**About this exercise**
Omitting the pictures, print every line below exactly as it stands.

**Collected data**
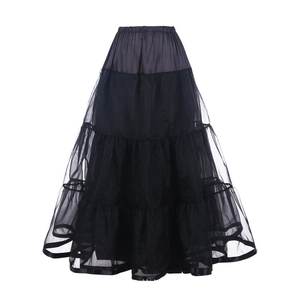 Jupes longues en organza de couleur unie, style vintage pour femmes, à plusieurs couches, volumineuses, directement de l'usine - Product Image 1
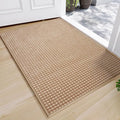 Front Door Mat 17''x30'', Absorbent Dirt Resist Washable Non Slip Low-Profile by QiCaiJia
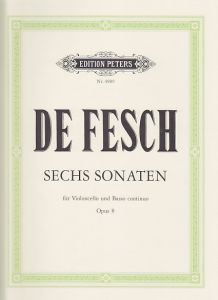 DEFESCH 6 SONATAS OP8 CEL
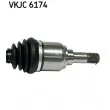 Arbre de transmission SKF VKJC 6174 - Visuel 3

**Exercise response**
 Jupes longues en organza de couleur unie, style vintage pour femmes, à plusieurs couches, volumineuses, directement de l'usine - Product Image 1
 Front Door Mat 17''x30'', Absorbent Dirt Resist Washable Non Slip Low-Profile by QiCaiJia
 DEFESCH 6 SONATAS OP8 CEL
 Arbre de transmission SKF VKJC 6174 - Visuel 3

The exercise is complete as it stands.